Does the team make the quarterback or does the quarterback make the team? That’s the eternal football question and we’re about to have a textbook explication of the point. In his first trial by fire, Matt Cassel may not have lit up the skies. But he performed with reasonable competence, hints of maturity, and sufficient calm and that’s all that you can ask from the backup. He could grow. Belichick, after all, has a history of working wonders with unheralded, low-round, QB’s nobody else wanted. On the other hand, you may end up wishing that everyone’s favorite emergency hired gun, Vinny Testaverde, was five years younger.
Even before the ugly turn of events in the opener, Belichick might have been excused for feeling besieged. In ways some might view curious, this season was being seen as something of a referendum on him. National media obsesses on the hope that the fabulous near-dynasty he’s built with brilliance is teetering. Don’t underestimate the widespread pleasure that the Pats loss to the Giants last February brought to many.
It has gotten worse. A major Internet service provider -- AOL reaching tens of millions daily -- is currently conducting a poll asking the not so lovely question, “Who is the most despised sports figure in the country?” Among the nominees are unpleasant characters such as James Dolan, Daniel Snyder, Larry Brown, Ozzie Guillen, Bill Laimbeer. And yes, your esteemed coach, Boss Belichick, is also on their ballot. Yikes!
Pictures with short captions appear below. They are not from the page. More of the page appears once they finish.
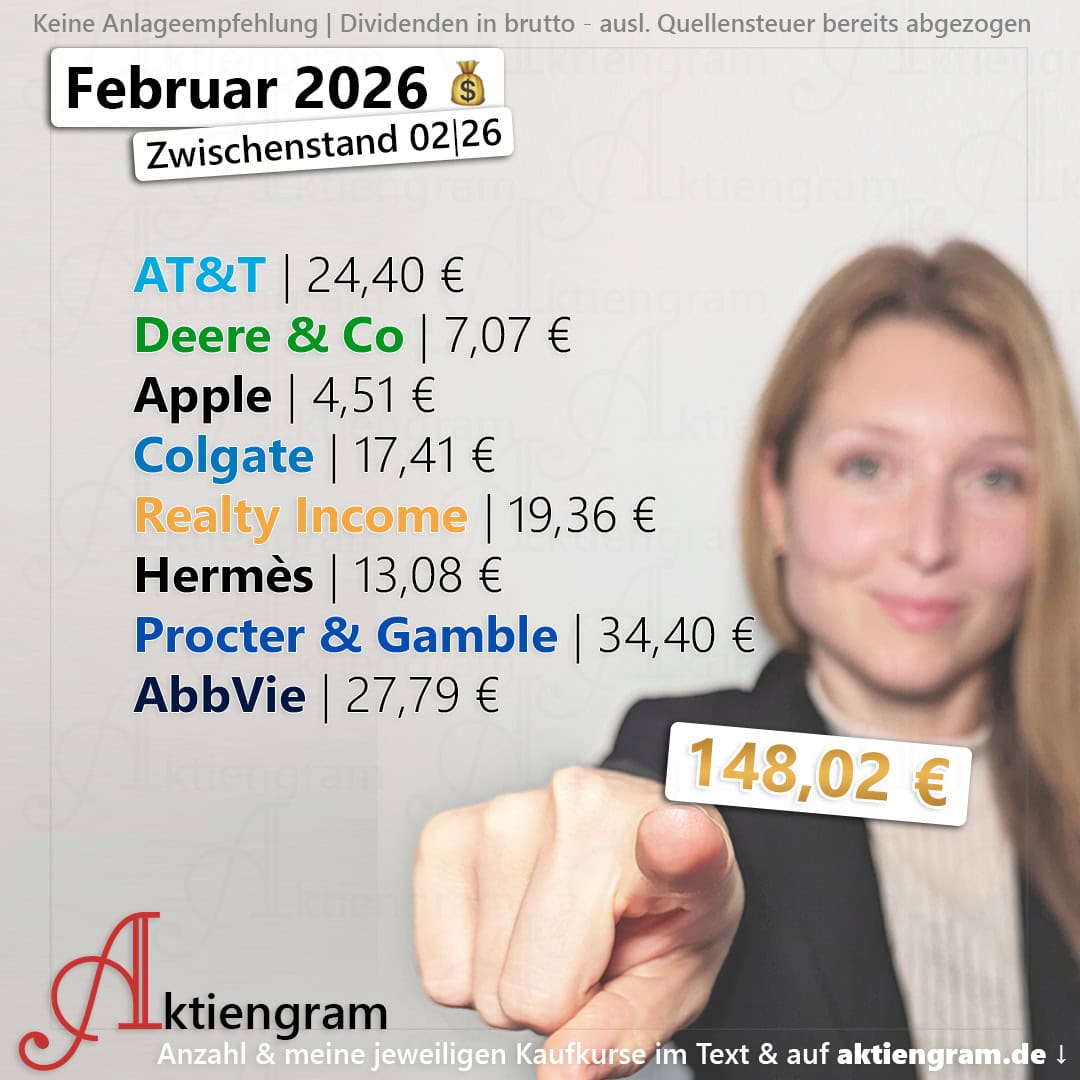 Hoch die Hände, Dividende! (Februar 2026)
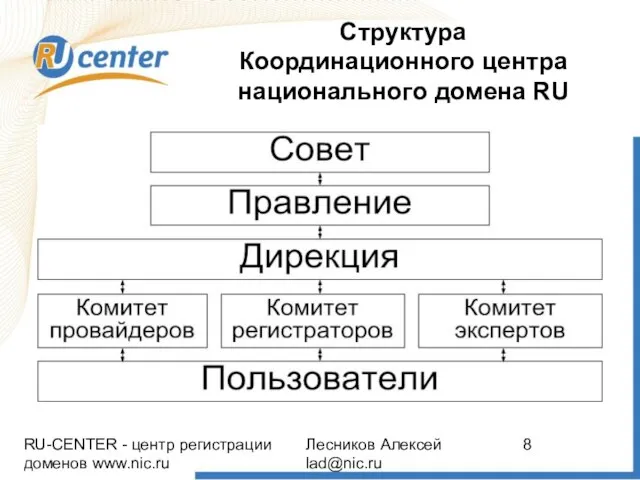 RU-CENTER - центр регистрации доменов www.nic.ru Лесников Алексей lad@nic.ru Структура Координационного центра национального домена RU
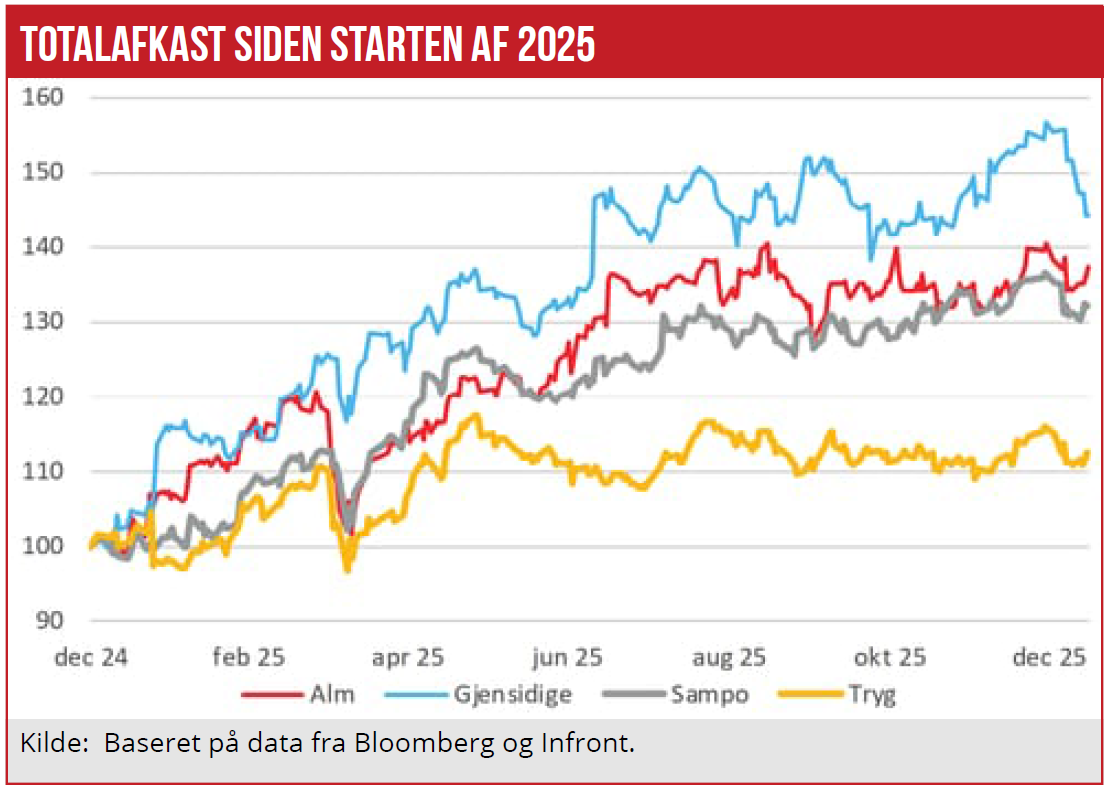 Alm Brand og Tryg 03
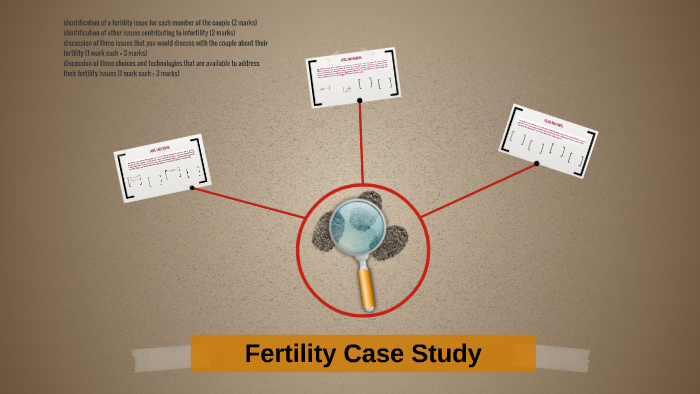Fecundity rate image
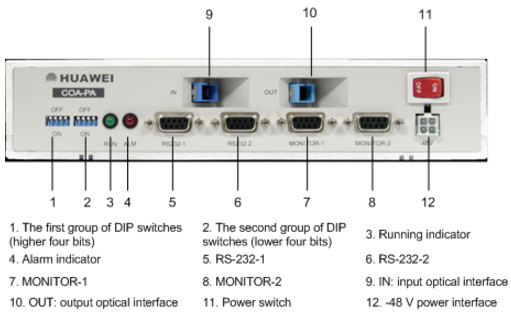 OptiX OSN 3500 SS61COA01 case-shaped optical amplifier-- OSN3500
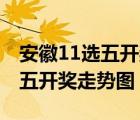 安徽11選五開獎走勢圖一定牛ds（安徽11選五開獎走勢圖）
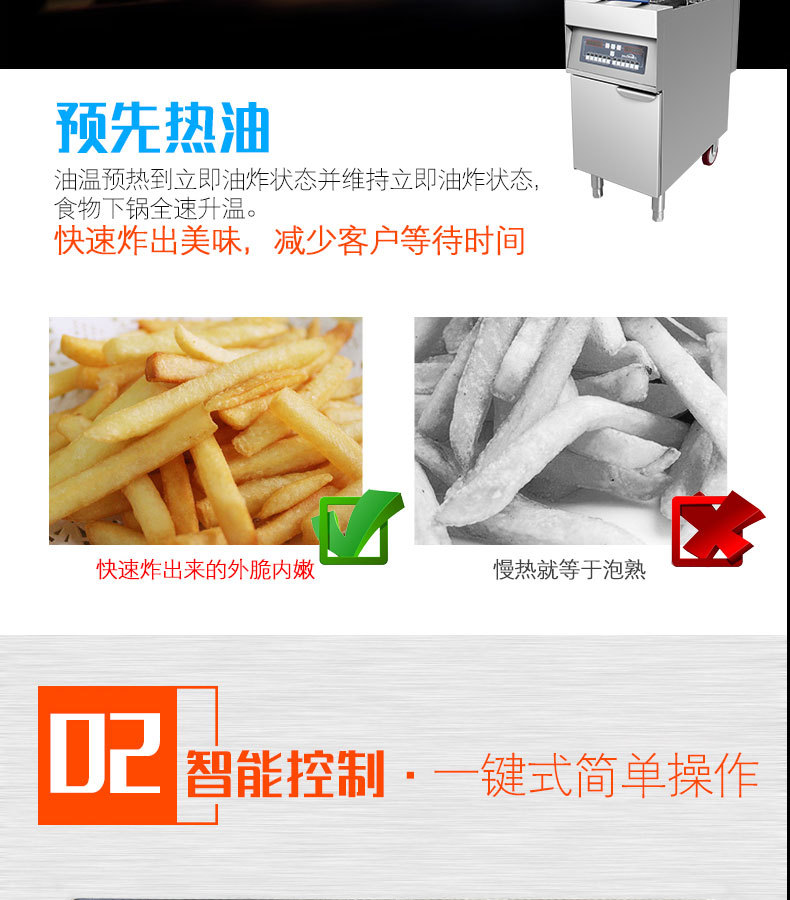 英迪尔油炸机双缸双筛立式商用电炸锅 大容量带滤油车电热炸炉示例图14
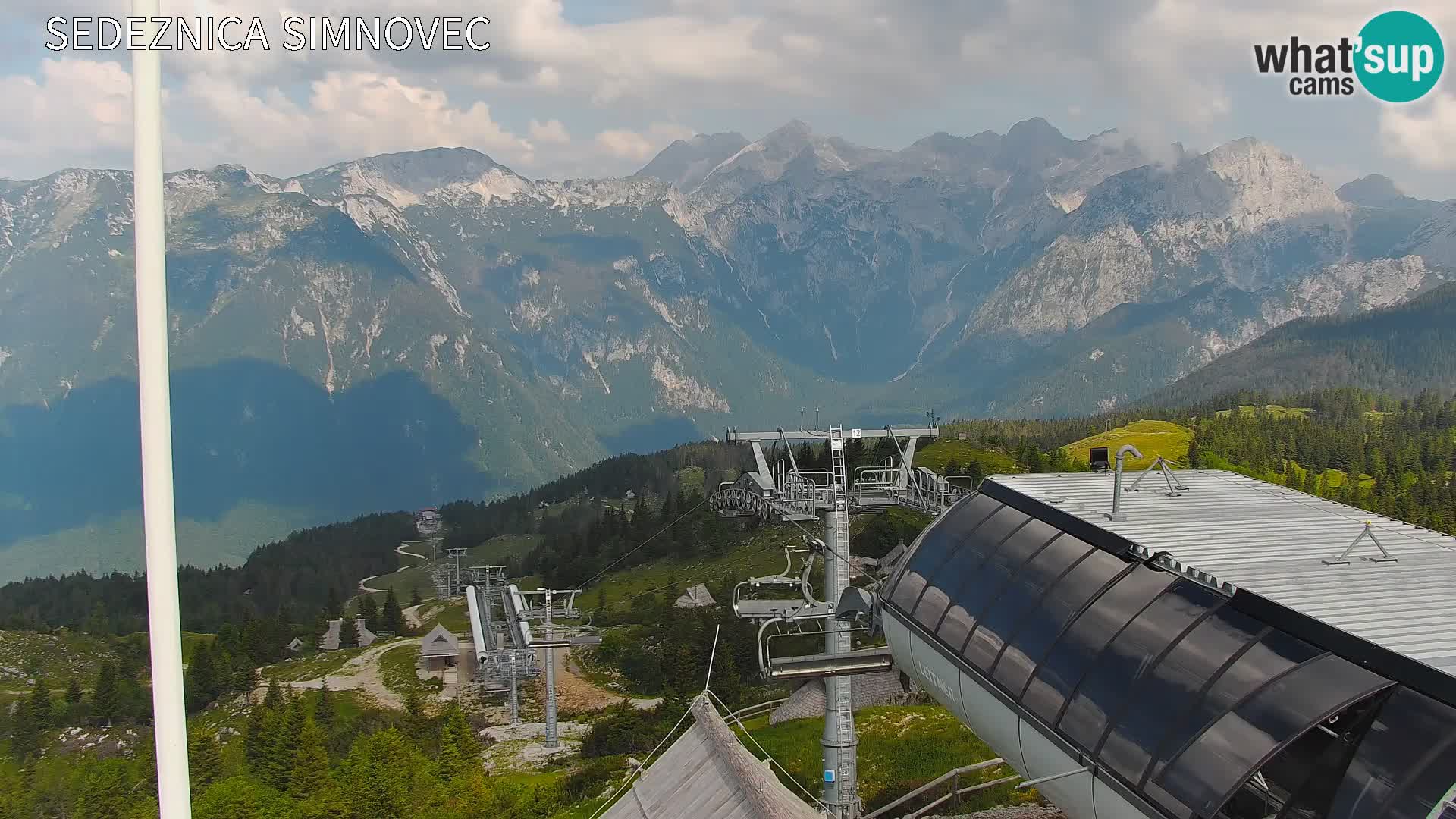 Velika Planina | Gradišče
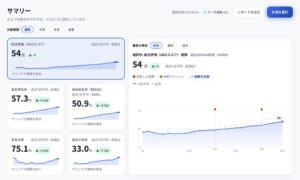 測定精度がわかるAIO/LLMO対策ツール『SourcePick AIO』製品版を提供開始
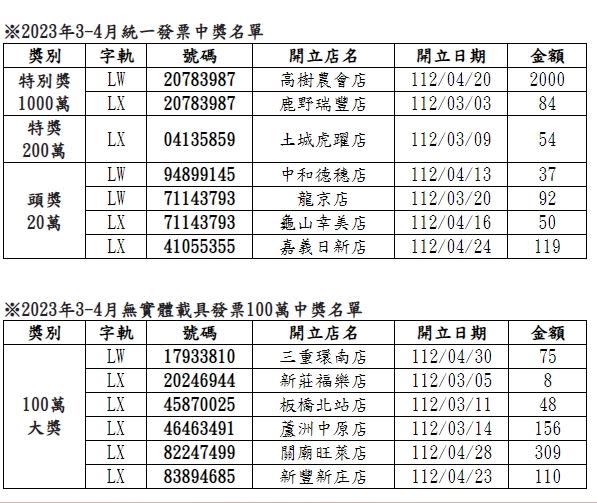 全家3、4月統一發票中獎名單一次看。（圖／全家提供）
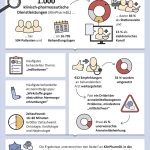 Abb. 1: Graphical Abstract zur Publikation Zube O, Schlüter W, Dicken J, Hensen J, Bertsche T. The Spectrum of Clinical Pharmacy Services in a Non-University Hospital – A Comprehensive Characterization Including a Risk Assessment for Drug-Related Problems and Adverse Drug Reactions. Pharmacy 2025;13(6):164 (https://doi.org/10.3390/pharmacy13060164)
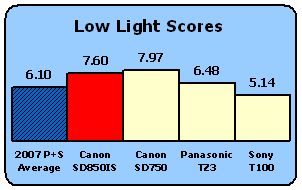 SD850IS-LowLight-scores.gif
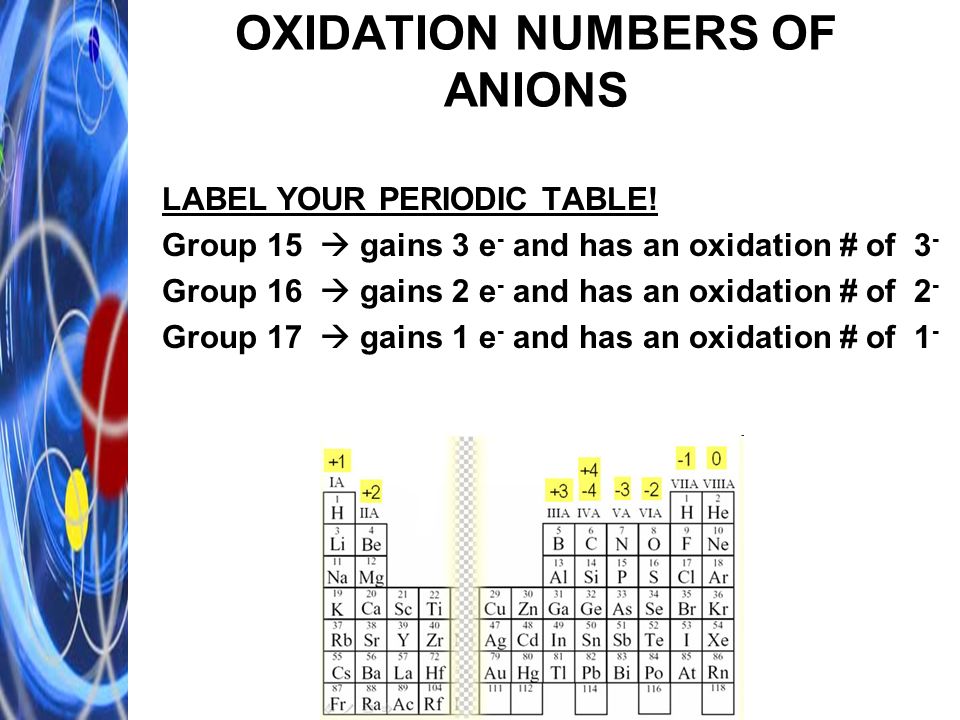 OXIDATION NUMBERS OF ANIONS LABEL YOUR PERIODIC TABLE.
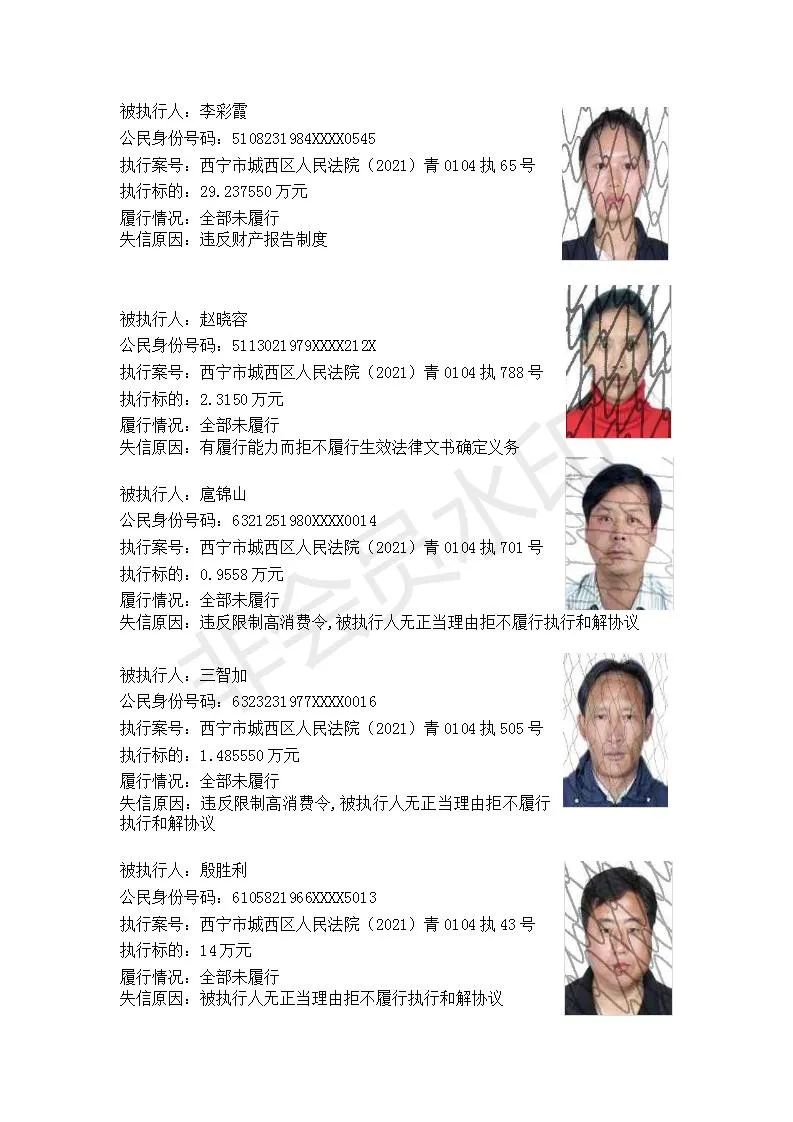 西宁疫情最新消息-西宁疫情最新消息2021-第2张图片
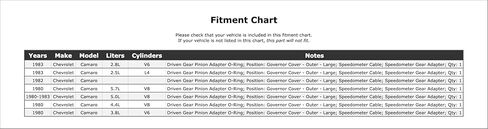 Speedometer Driven Gear Seal Compatible With Chevrolet Camaro 1983 1982 1981 1980 P-3518654 in Saudi Arabia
The vibes surely have not permeated New England, which remains in love. But nationally this is not a popular team. A keen desire on the part of many to see Belichick get his total comeuppance for that tired “tape-gate” business persists. He’s been punished, but for many that’s not enough. It’s over. It no longer has legs. But it’s amazing how many don’t want to let it go. Envy has much to do with it. So is the perception -- unfair or otherwise -- that the Patriots, under the Boss, have not exactly been classy winners.
Still, for it all to unravel because of a ruinous injury to the remarkable Brady who had given his entire game a rather fetchingly cosmopolitan gloss would be an unkind cut by any reasonable standard. And the possibility obviously is strong that when Brady’s knee crumbled so did the once and future dynasty.
That seems already to be the conventional wisdom. But I’ve never trusted that sucker. So I wouldn’t bet against them. Nor would I bet that we will soon again see Tom Brady trot onto the old and aptly termed “gridiron,” which Webster defines as “a framework of metal bars on which to broil meat and fish.” Amen to that, says I.